-
Notifications
You must be signed in to change notification settings - Fork 482
Description
Looks like kube-router
is affected by this upstream issue. It is related to not cleaning up the pod ips when a container is not able to start/failed (specifically related to the use of host-local
IPAM).
Here is an example for a failed Datadog Agent Pod to start, due to this bug.
Apr 11 00:52:45 srv-8d-01-a06 kubelet: E0411 00:52:45.083738 19237 pod_workers.go:186] Error syncing pod b58c515c-3d18-11e8-830a-f8db888f5640 ("datadog-agent-4dw8f_default(b58c515c-3d18-11e8-830a-f8db888f5640)"), skipping: failed to "CreatePodSandbox" for "datadog-agent-4dw8f_default(b58c515c-3d18-11e8-830a-f8db888f5640)" with CreatePodSandboxError: "CreatePodSandbox for pod \"datadog-agent-4dw8f_default(b58c515c-3d18-11e8-830a-f8db888f5640)\" failed: rpc error: code = Unknown desc = NetworkPlugin cni failed to set up pod \"datadog-agent-4dw8f_default\" network: failed to allocate for range 0: no IP addresses available in range set: 172.22.5.1-172.22.5.254"
If you look in /var/lib/cni/networks/kubernetes
you will see your max cidr (in this case a /24
) range ips listed, effectively stopping any new containers from being launched due to being out of ip space.
/var/lib/cni/networks/kubernetes
(00:58 root@srv-8d-01-a06 kubernetes) > ls -al|wc -l
258
After stopping kubelet
and docker
, removing all the files in /var/lib/cni/networks/kubernetes
and then starting docker
and kubelet
, the pods successfully started.
This is a major problem as it can cause a host to become unusable for any new container launches.
Activity
iMartyn commentedon Apr 18, 2018
I faced exactly this issue when switching from canal to kube-router. As Killcity mentioned, removing the contents of /var/lib/cni/networks/kubernetes/ folder worked a charm, so thanks for the hint!
t3hmrman commentedon Sep 16, 2018
Just ran into this as well, in my case I use
containerd
but the following commands got the issue fixed:This got my pods up and runing again, and they all have IPs.

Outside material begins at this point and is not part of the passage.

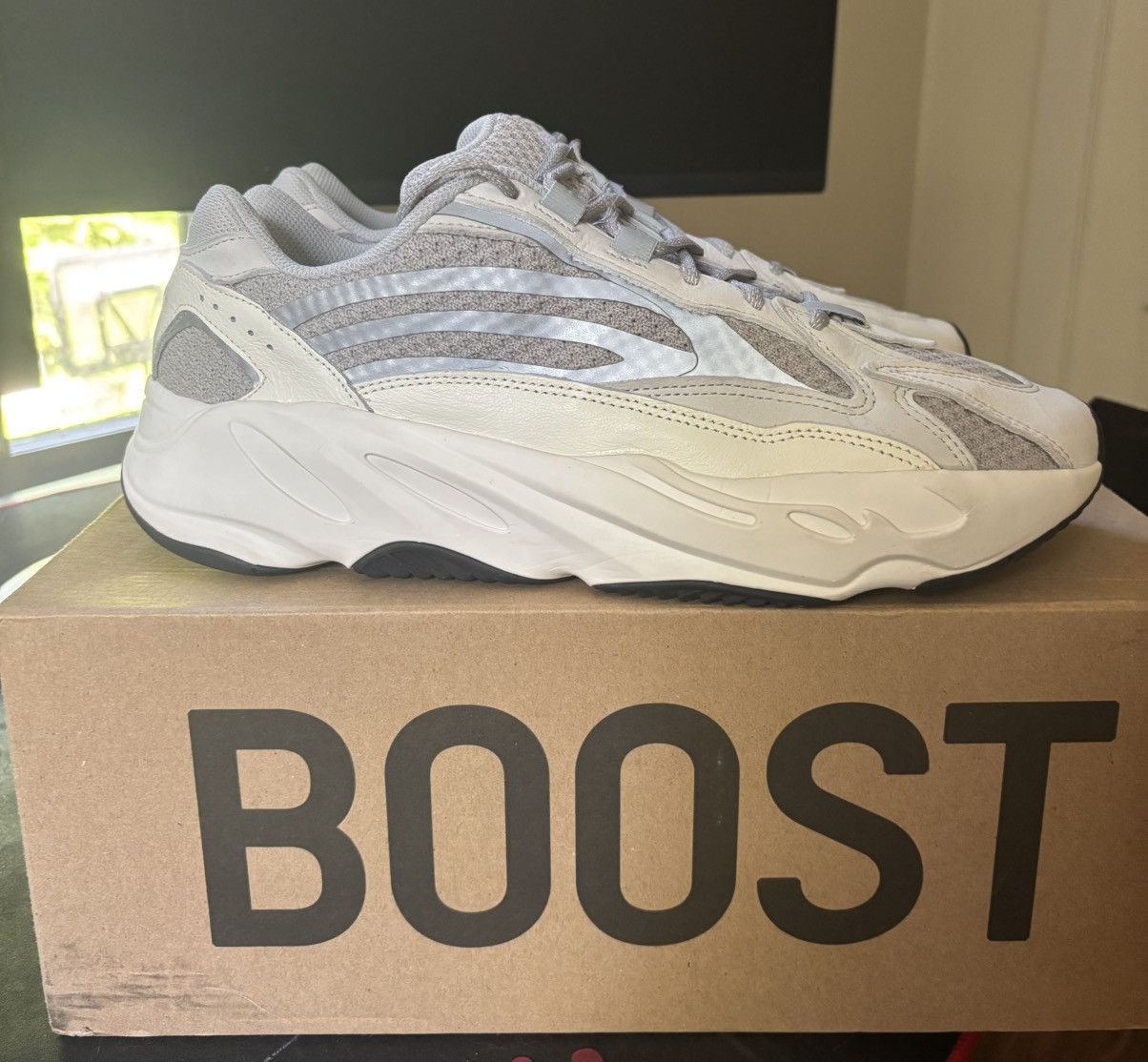 Yeezy Yeezy Boost 700 V2 Size US 11.5 / EU 44-45 - 1 Thumbnail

trevex commentedon Oct 2, 2018
Encountered the same issue as well with
kube-router
on k8s 1.11.2. We use a pxebooted CoreOS and/var/run/docker
is therefore not persisted between reboots. Therefore I expect to run into this issue frequently. Is there a potential fix in the works or is https://github.com/jsenon/api-cni-cleanup basically the only long term solution?roffe commentedon Oct 2, 2018
This is a CNI bug and not specific to kube-router imho, I've had it with calico & weave-net as well. Fix has always been deleting the files in /var/lib/cni/networks
roffe commentedon Oct 2, 2018
Usually it's some other problem leading up to the leases being filled and no new can be allocated
roffe commentedon Oct 2, 2018
One way to trigger it with kube-router is to disable ipv6 on the nodes and use CNI < 0.7. Every allocation of IP will fail and /var/lib/cni/networks would get filled up and no pods can get scheduled
roffe commentedon Oct 2, 2018
Afaik Kops <1.10 all use a old version of the CNI plugins and i think kubeadm and kubespray does as well
mazzystr commentedon Mar 12, 2019
I have the same bug using podman and cni. Thanks @iMartyn for the good workaround.

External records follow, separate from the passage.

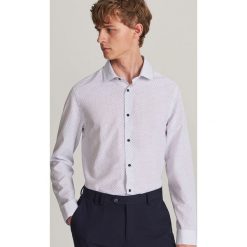 Koszula slim fit z drobnym nadrukiem - Biały. Koszule męskie marki Reserved. Za 99.99 zł.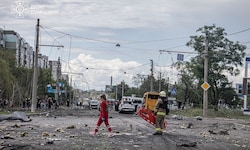 Trümmer liegen nach einem russischen Angriff auf einer Straße in Sumy im Norden der Ukraine 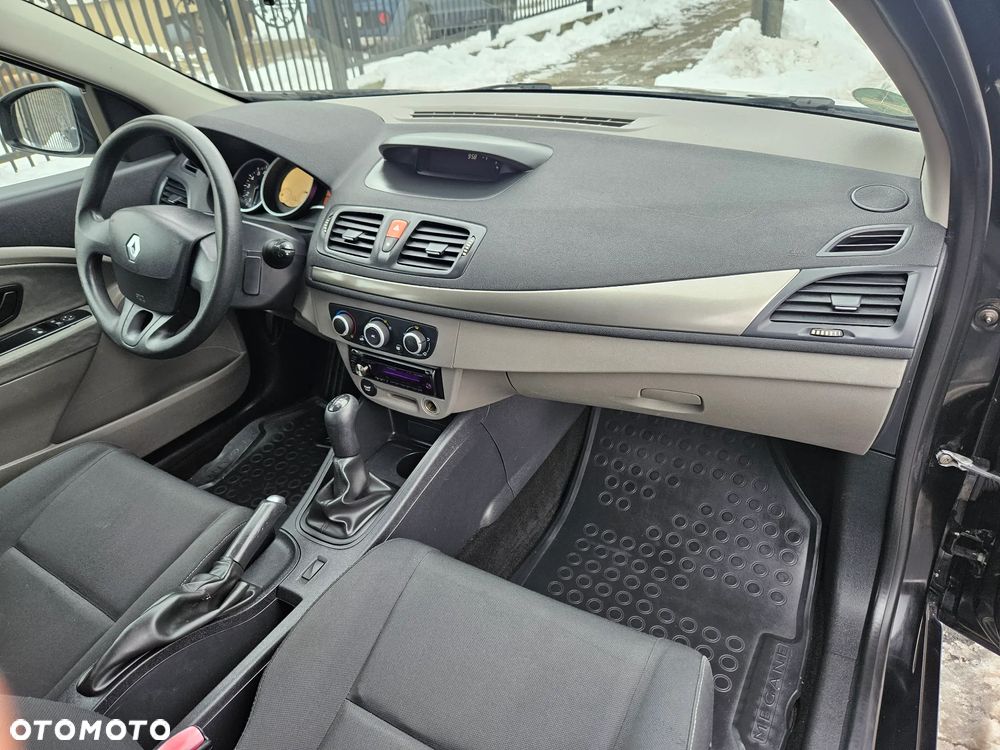 Renault Megane 1.6 16V 100 Expression - 14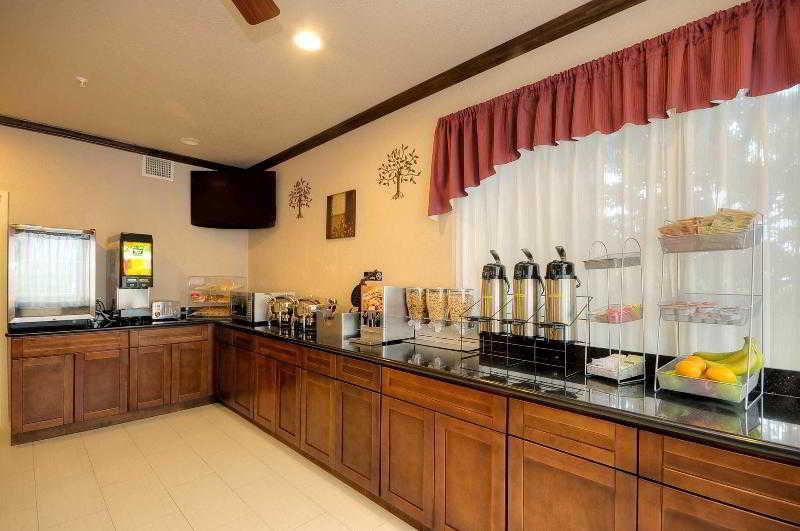 Baymont By Wyndham Clute Lake Jackson Restoran gambar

sahilsharma-bb commentedon Feb 12, 2020
Folks, I tried to implement but ran into some issues. I ran it as a daemonset nd commented out CronJob part (as suggested by @jsenon in his Readme) but I assume daemonset should run in kube-system namespace which was missing from the deployment.yaml file.
Somehow I ran it as a daemonset with ClusterRole, CluserRoleBinding and ServiceAccount and it was running fine but was not deleting the stale IP files.

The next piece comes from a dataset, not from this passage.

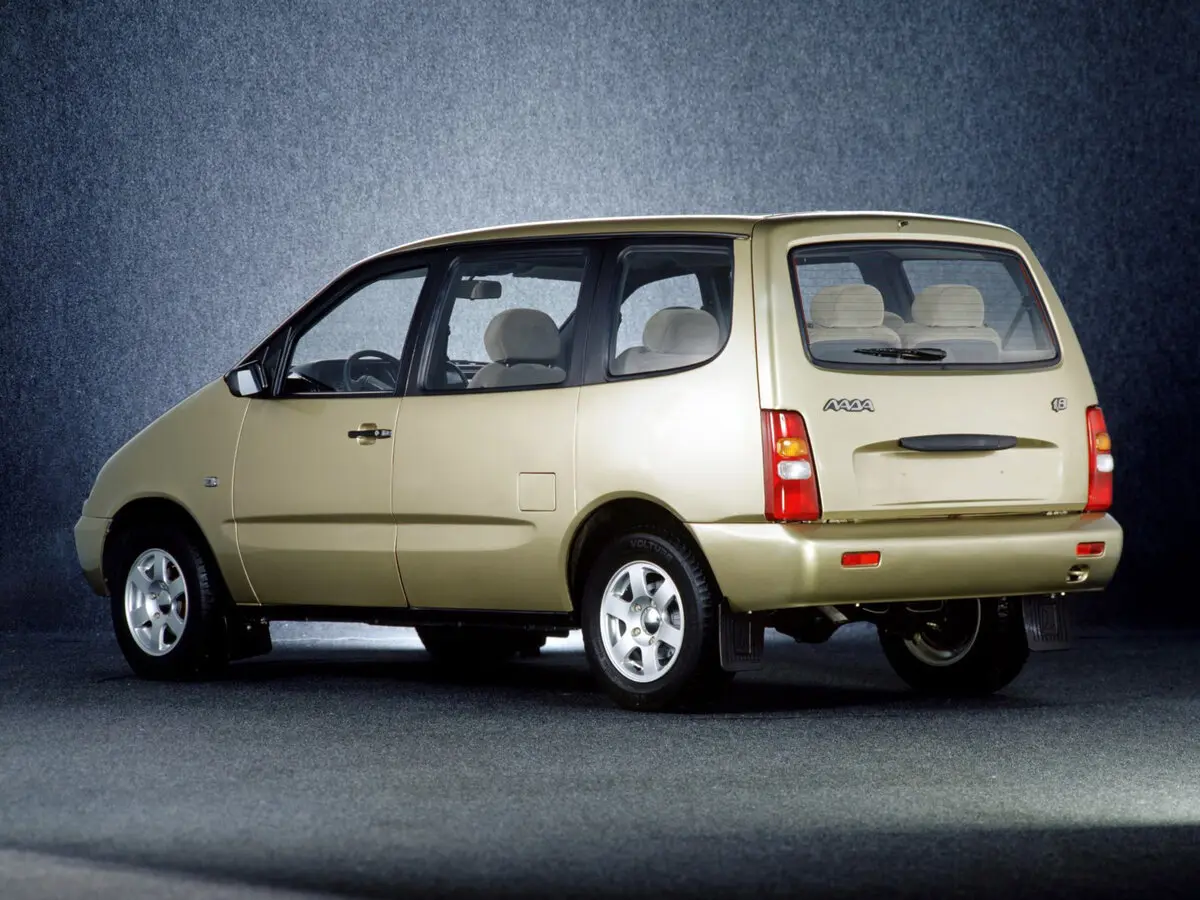 Lada (ВАЗ) 2120 Надежда I Компактвэн — сүрөт 5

Upon seeing the logs of the pod it was running and when I hit the http://:/cleanup it didn't delete the CNI files. Don't know why?
Can one share their experiences.
K8s version: 1.11
Set-up by Kops on AWS EC2 nodes
OS: Ubuntu:16.04
aauren commentedon Apr 24, 2020
Closing this as this isn't really an issue with kube-router.